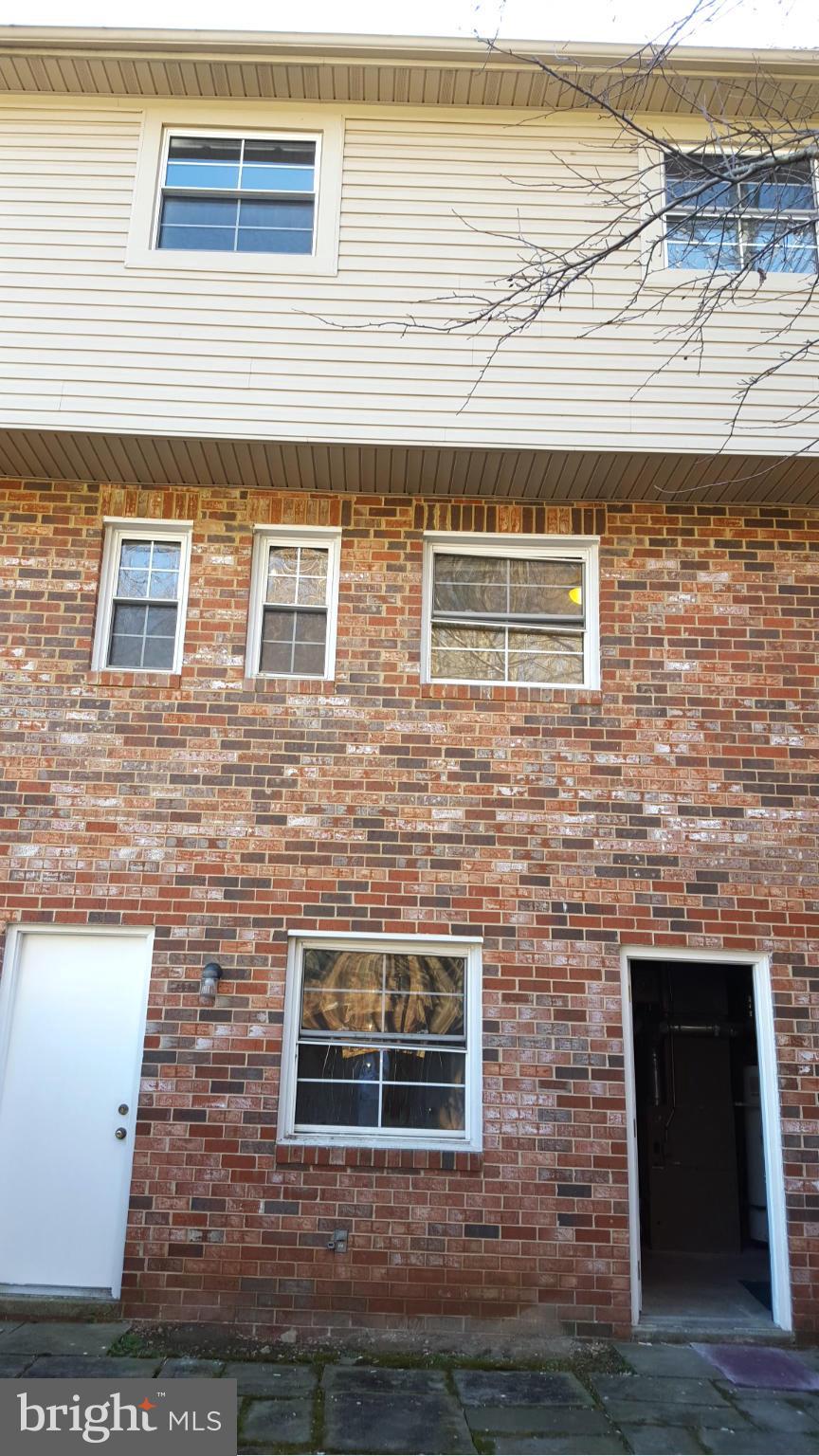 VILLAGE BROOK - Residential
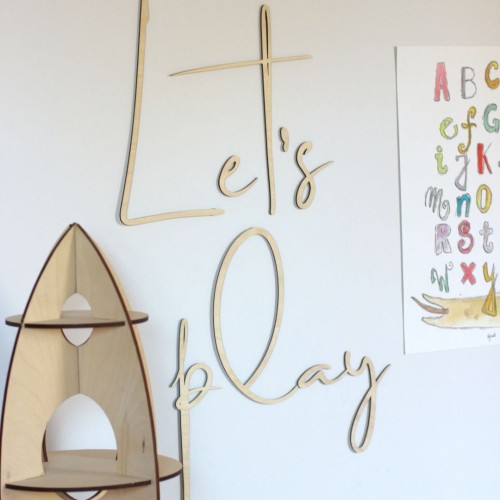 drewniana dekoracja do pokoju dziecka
--
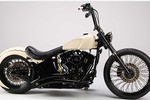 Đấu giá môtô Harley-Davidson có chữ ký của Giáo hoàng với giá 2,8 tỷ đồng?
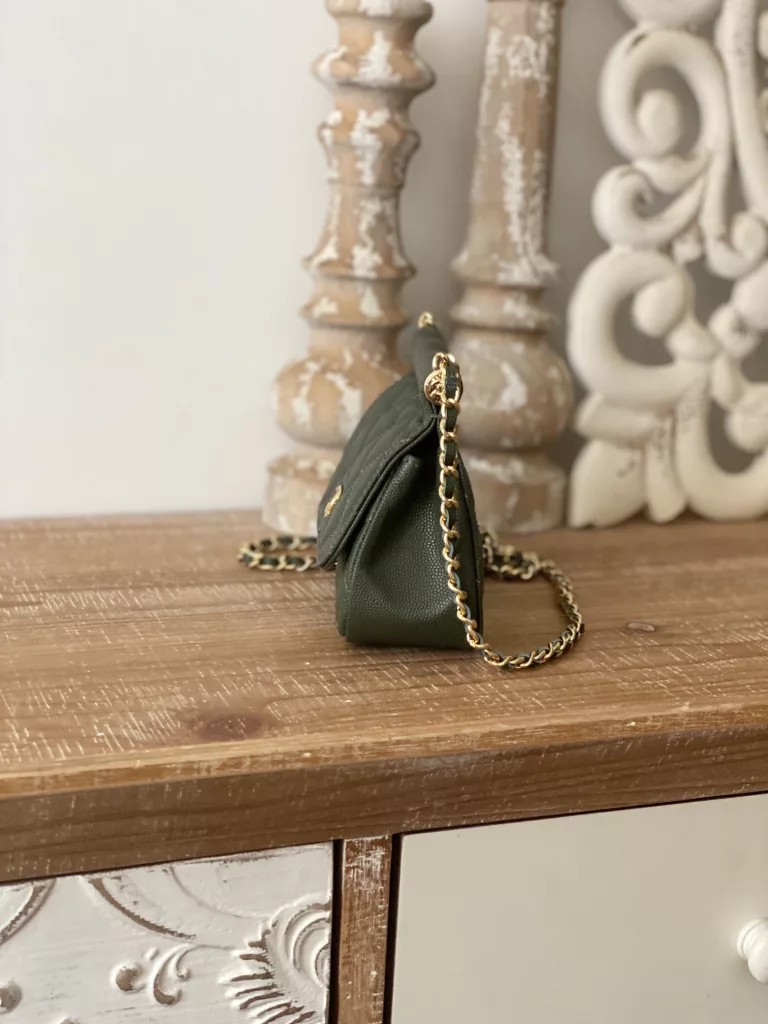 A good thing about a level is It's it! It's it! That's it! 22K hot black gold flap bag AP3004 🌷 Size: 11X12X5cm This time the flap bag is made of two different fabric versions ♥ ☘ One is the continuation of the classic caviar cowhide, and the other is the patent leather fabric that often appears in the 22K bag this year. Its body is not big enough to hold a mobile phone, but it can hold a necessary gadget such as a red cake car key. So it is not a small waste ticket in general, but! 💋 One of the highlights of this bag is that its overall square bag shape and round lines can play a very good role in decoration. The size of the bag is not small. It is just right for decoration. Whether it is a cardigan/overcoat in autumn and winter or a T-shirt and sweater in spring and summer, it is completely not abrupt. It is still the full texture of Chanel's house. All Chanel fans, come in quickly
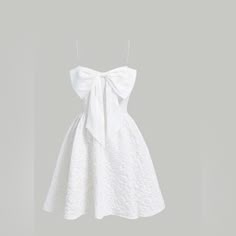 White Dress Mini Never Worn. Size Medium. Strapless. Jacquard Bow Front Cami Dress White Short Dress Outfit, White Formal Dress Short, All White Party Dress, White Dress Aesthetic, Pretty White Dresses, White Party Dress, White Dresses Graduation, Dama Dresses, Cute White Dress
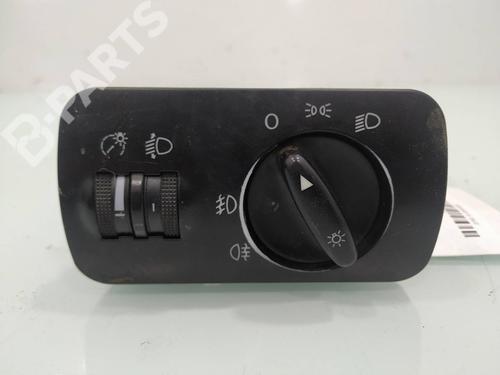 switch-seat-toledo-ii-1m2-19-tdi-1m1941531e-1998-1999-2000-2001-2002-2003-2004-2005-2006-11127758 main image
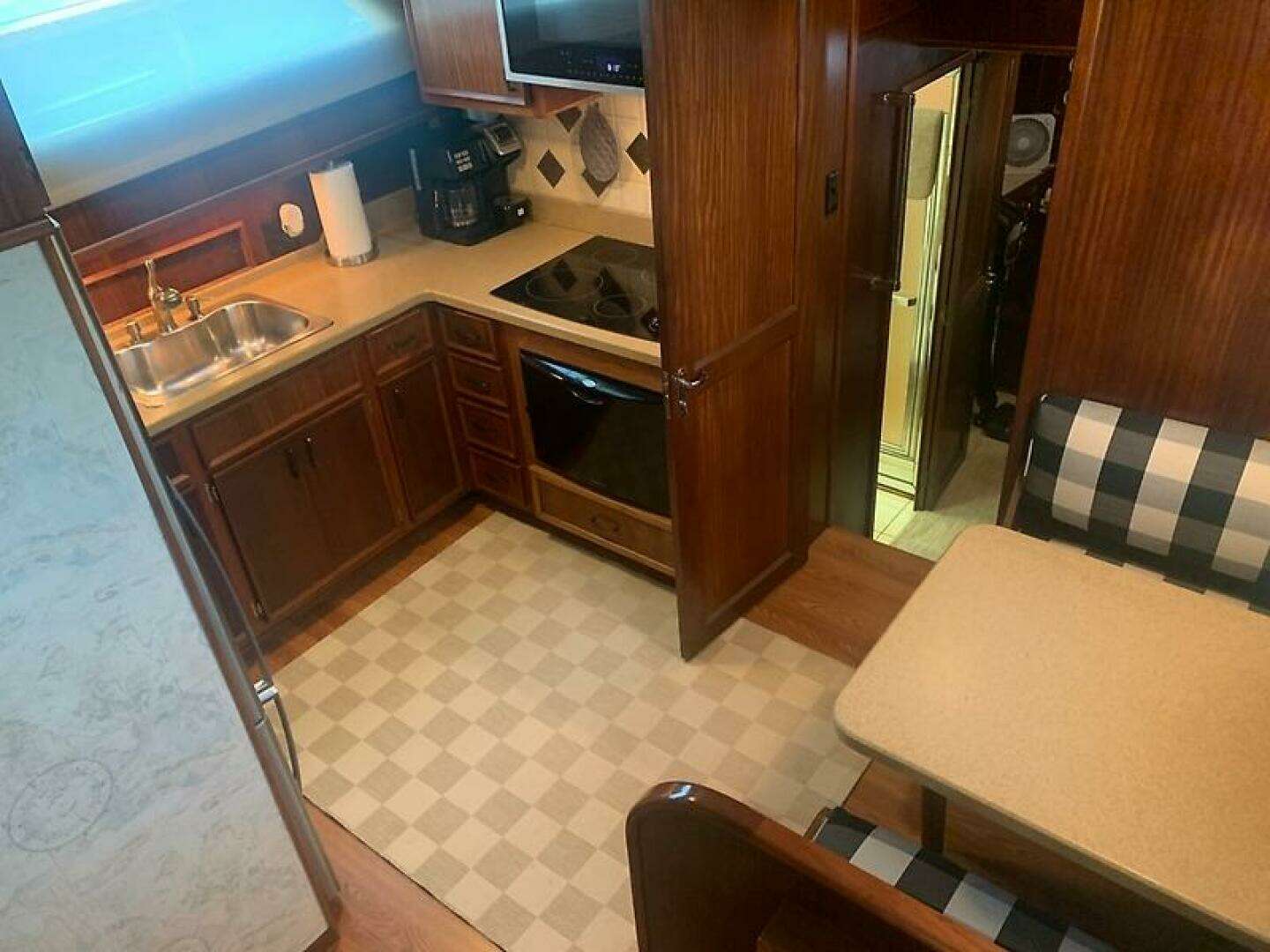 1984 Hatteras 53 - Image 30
--
*Work to be completed*.
Return the lines above from the one with "White Dress Mini" through the one with "1984 Hatteras 53 - Image 30", verbatim and nothing else. Omit every picture.

*Written solution*.
 White Dress Mini Never Worn. Size Medium. Strapless. Jacquard Bow Front Cami Dress White Short Dress Outfit, White Formal Dress Short, All White Party Dress, White Dress Aesthetic, Pretty White Dresses, White Party Dress, White Dresses Graduation, Dama Dresses, Cute White Dress
 switch-seat-toledo-ii-1m2-19-tdi-1m1941531e-1998-1999-2000-2001-2002-2003-2004-2005-2006-11127758 main image
 1984 Hatteras 53 - Image 30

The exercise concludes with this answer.